*** Opening of DATA LISTING ***
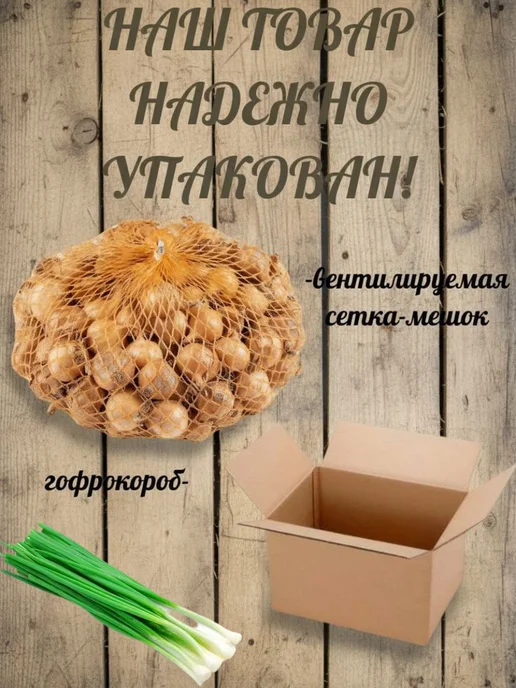 луковый ассортимент Лук севок на посадку выборка Золотое семко 0.3 кг, 1 кг, фото 4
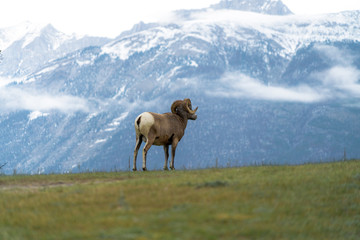 Rocky Mountain Sheep stand on the edge of a precipice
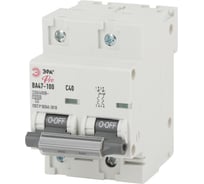 Автоматический выключатель ЭРА PRO NO902275 ВА47100 2Р 40А 10 кА кривая С Б0048865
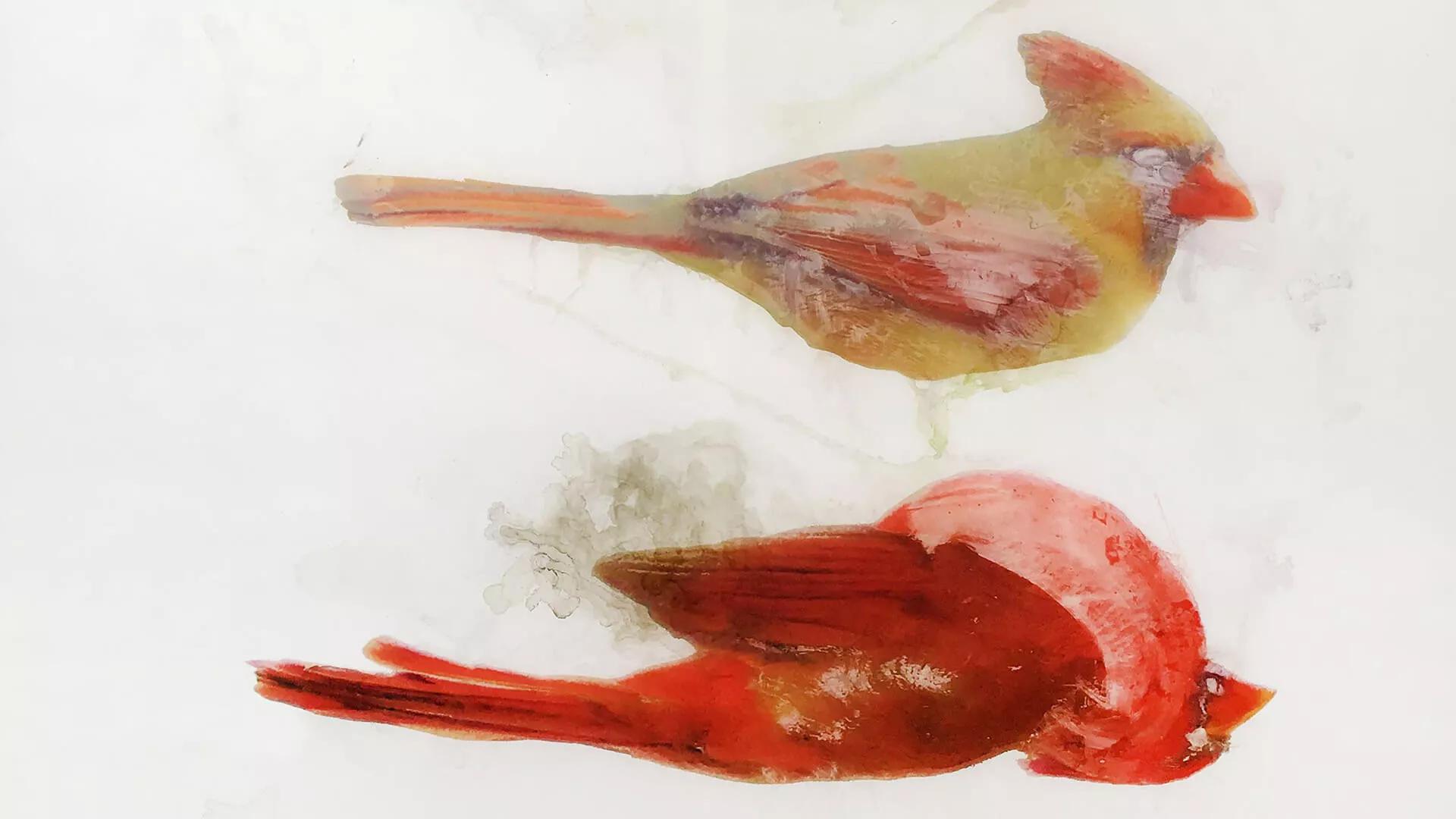 Image for exhibition 
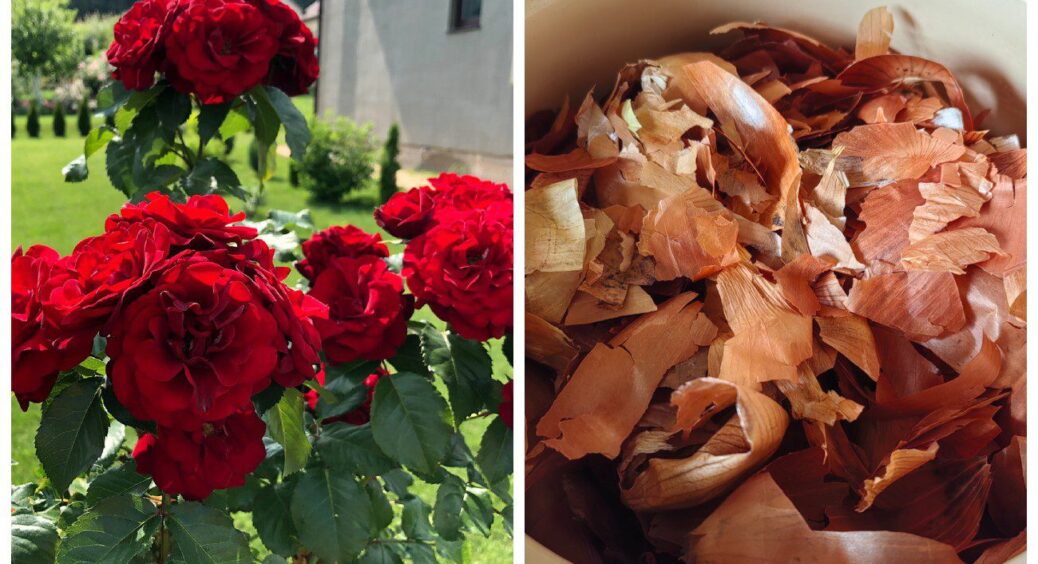 Більше не викидаю цибулеве лушпиння – і троянди цвітуть до перших морозів: потрібна всього лише 1 жменя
*** Close of DATA LISTING ***
AIM OF THE EXERCISE — In the reply, give again exactly the lines from the beginning of the entries above through the line with "Image for exhibition"; pictures stay out.

EXERCISE OUTPUT —
 луковый ассортимент Лук севок на посадку выборка Золотое семко 0.3 кг, 1 кг, фото 4
 Rocky Mountain Sheep stand on the edge of a precipice
 Автоматический выключатель ЭРА PRO NO902275 ВА47100 2Р 40А 10 кА кривая С Б0048865
 Image for exhibition 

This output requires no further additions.